MATERIAL FOR THIS EXERCISE section start

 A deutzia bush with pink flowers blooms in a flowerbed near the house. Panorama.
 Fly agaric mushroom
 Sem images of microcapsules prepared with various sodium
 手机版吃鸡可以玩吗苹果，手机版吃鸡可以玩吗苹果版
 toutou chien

MATERIAL FOR THIS EXERCISE section end
MATERIAL FOR THIS EXERCISE section start

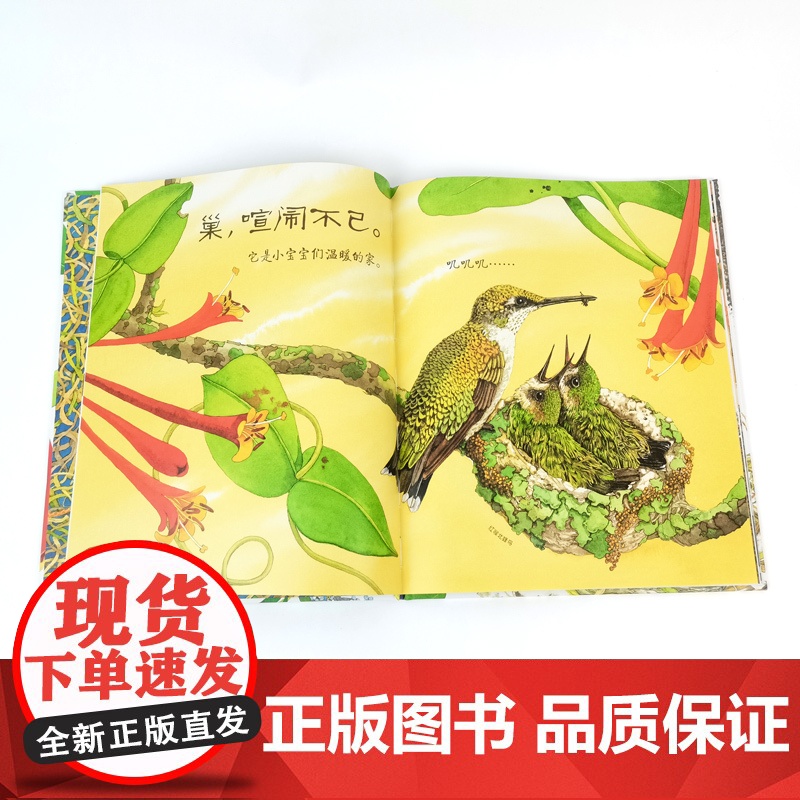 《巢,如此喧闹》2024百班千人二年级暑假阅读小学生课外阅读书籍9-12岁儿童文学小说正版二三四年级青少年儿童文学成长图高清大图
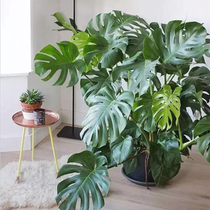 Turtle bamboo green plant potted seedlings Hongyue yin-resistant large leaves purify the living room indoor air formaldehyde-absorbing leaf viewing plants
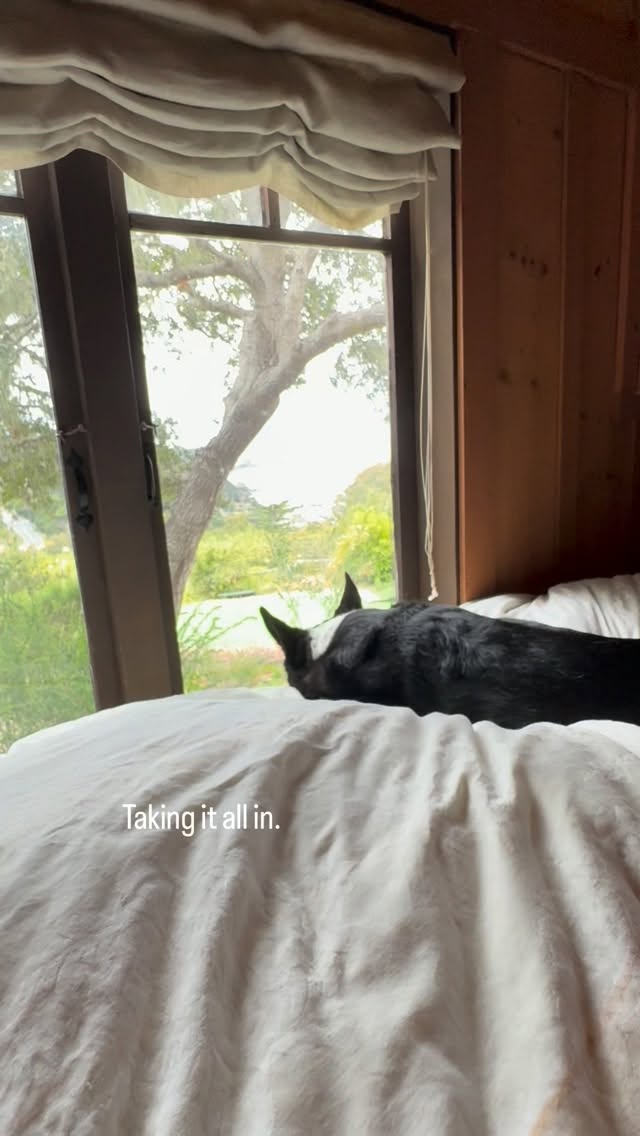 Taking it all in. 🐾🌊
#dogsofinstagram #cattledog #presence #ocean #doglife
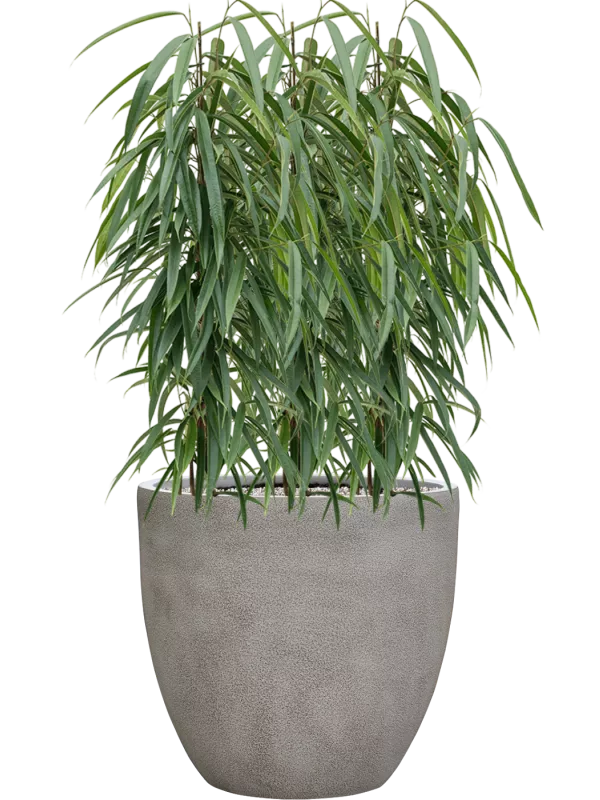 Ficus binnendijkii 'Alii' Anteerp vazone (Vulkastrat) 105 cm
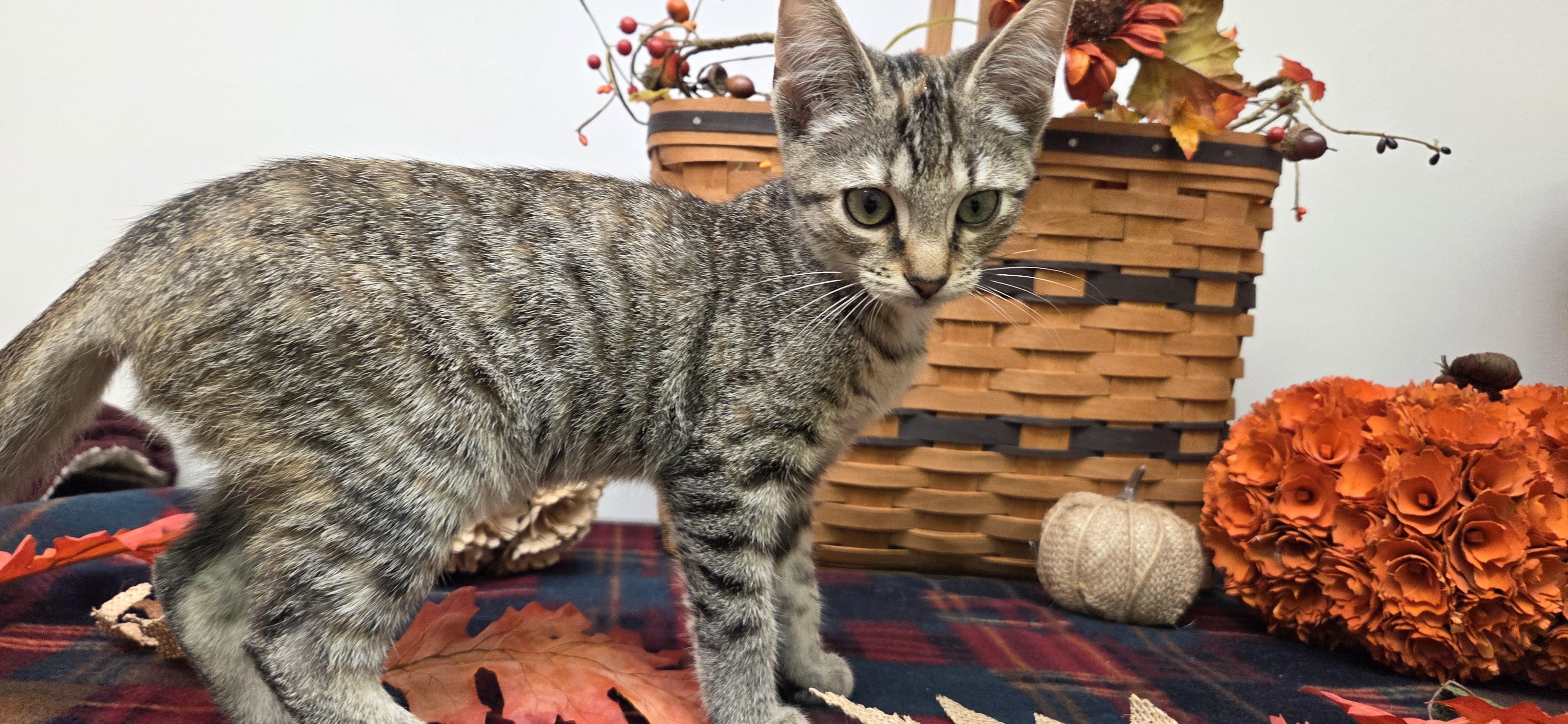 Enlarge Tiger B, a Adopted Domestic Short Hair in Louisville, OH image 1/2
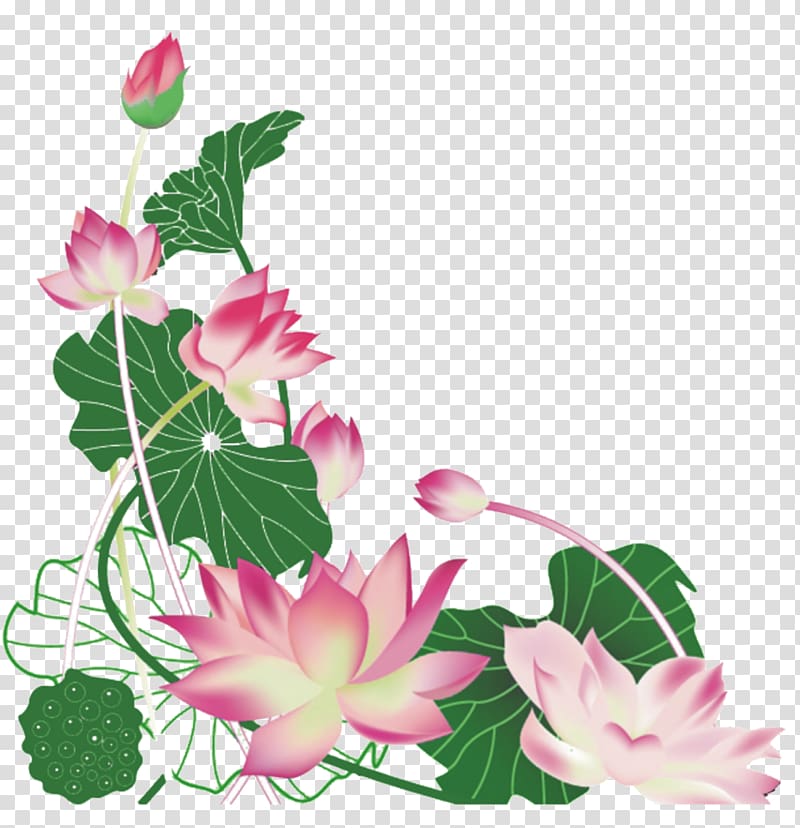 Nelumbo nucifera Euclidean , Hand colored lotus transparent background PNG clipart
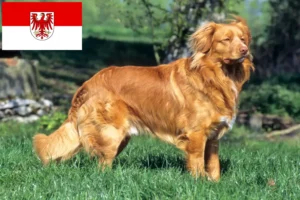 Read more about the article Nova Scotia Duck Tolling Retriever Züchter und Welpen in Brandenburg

MATERIAL FOR THIS EXERCISE section end

**TASK OBJECTIVE:** Give again, exactly as written above, each line from the one that has "#dogsofinstagram #cattledog #presence" to the one that has "Read more about", both included; omit the pictures.

**SOLUTION FOR THIS PROBLEM:**
#dogsofinstagram #cattledog #presence #ocean #doglife
 Ficus binnendijkii 'Alii' Anteerp vazone (Vulkastrat) 105 cm
 Enlarge Tiger B, a Adopted Domestic Short Hair in Louisville, OH image 1/2
 Nelumbo nucifera Euclidean , Hand colored lotus transparent background PNG clipart
 Read more about the article Nova Scotia Duck Tolling Retriever Züchter und Welpen in Brandenburg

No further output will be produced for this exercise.